In a country where all government appointees are making regrettable statements, how are we supposed to treat Cecilia Abena Dapaah’s “correction” of the President’s timeline for making Ghana, the cleanest city in Africa.

For readers who have just dropped out of Mars, a background to all of the above is called for.

On April 2, 2019, COP Addo-Danquah announced that the Police had established the whereabouts of the three Takoradi girls who were kidnapped last year in the Western Region.

At a news conference, she said that Priscilla Koranchie, 15, Ruth Love Quayson, 18, Priscilla Blessing Bentum, 21, “are safe”; that “we know where they are and they are safe.”

Pressed for details, however, she replied that “I’m unable to give the details because we don’t want to compromise their safety.”

Compromise?

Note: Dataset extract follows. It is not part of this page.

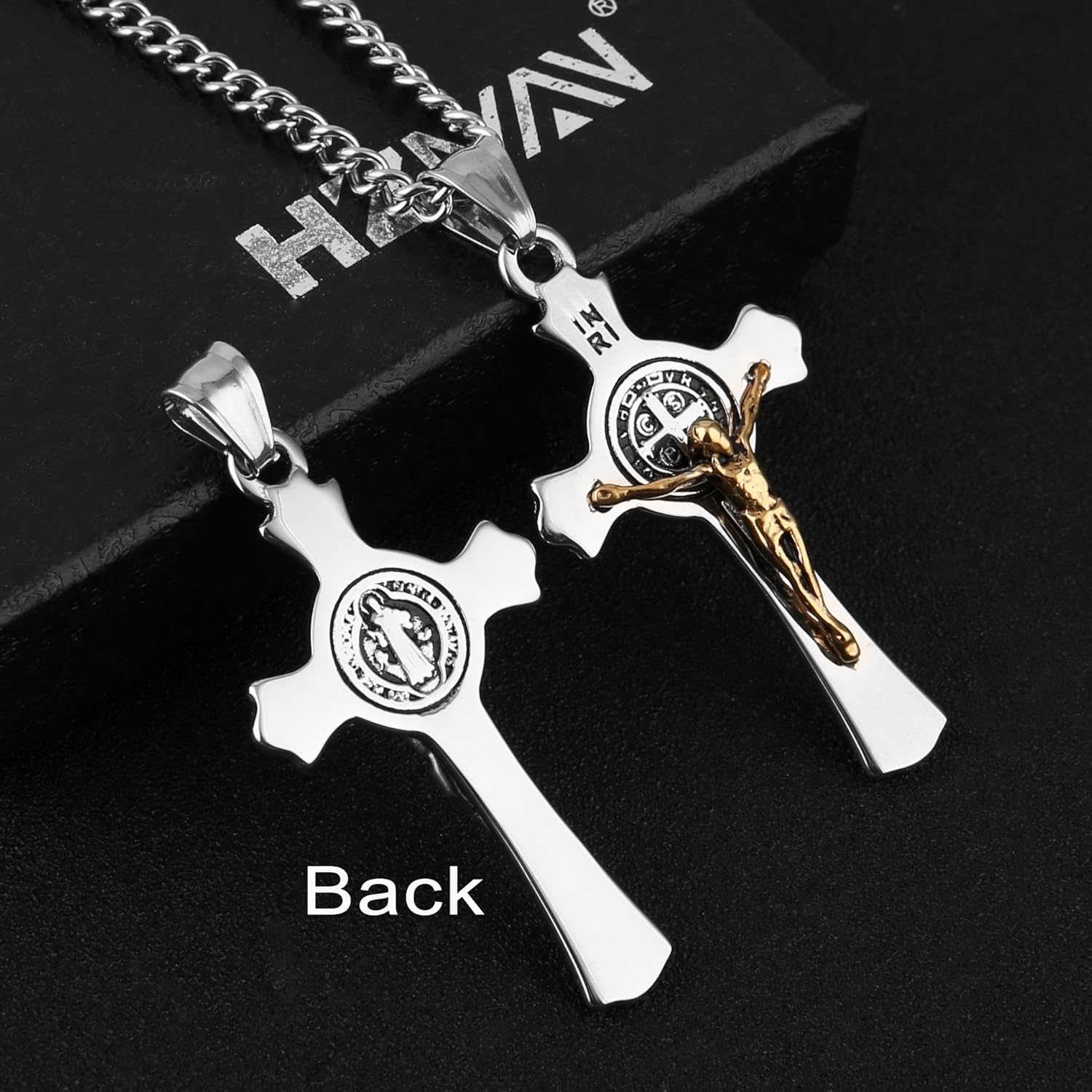 HZMAN Religion Stainless Steel Saint St St. Benedict Crucifix Cross Pendants Necklace INRI - Image 2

The moment she said that, I knew instinctively that any sensible gang of kidnappers would know by this public announcement that their cover had been blown. I believed her when she said the police knew their whereabouts, but I also knew that the girls might never be found if the police did not already have the hide-out sealed.

Do we have any idea what we are doing to the bowels of these girls’ parents and siblings? To the Police Administration, I say, this is not one of the situations in life when silence is golden. Ghana insists on being told why our Chief Spy in the Police made such an unpardonable professional blunder and what is being done to her.

Talking about high profile utterances, I honestly do not know where and how to place the statement by Sanitation Minister that the President’s promise to make Ghana the cleanest country in Africa will come to pass at the end of his second term in office. With Ministers like this, the President does not need political enemies.

Sanitation, as an issue, is turning out to be in the same category as our intractable exchange rate national challenge. If, as a Minister or government, you don’t find out the root cause of the problem, the piles and carpets of garbage everywhere will expose you. Ask John Evans Atta Mills – if the dead had a tongue. He lost his “100 Days” war against sanitation in the most ignominious fashion.

There is one Ghanaian politician for whom my admiration never diminishes. That is Mr Osafo-Maafo. With performers like him in your corner, you can, as we say in Ghana, “go to sleep”.

So why is a man with such an impressive track record so uncharacteristically walking away from the image I have of him over the years?

In a video recording of his town hall meeting in America, he is heard justifying government’s decision to deport the Chinese galamsey queen, Aisha Huang.

“Today, the main company that is helping develop the infrastructure system in Ghana is Sinohydro, it is a Chinese company. It is the one that is going to help process our bauxite and provide about two billion dollars to us…. Putting that lady (Aisha) in jail in Ghana is not going to solve your economic problems."

Eishh!

When governments are silent over very regrettable statements by its appointees, such as the one attributed to Ghana’s High Commissioner to South Africa, George Ayisi Boateng — saying that “My topmost priority is the problems of an NPP person before any other Ghanaian,” — irresponsible talk gets elevated to the level of a culture.

As a Ghanaian above 30, I know that none of the state appointees mentioned above will ever resign honourably. They will say it again given the next opportunity because they know nobody will touch them.

But our children are listening and watching.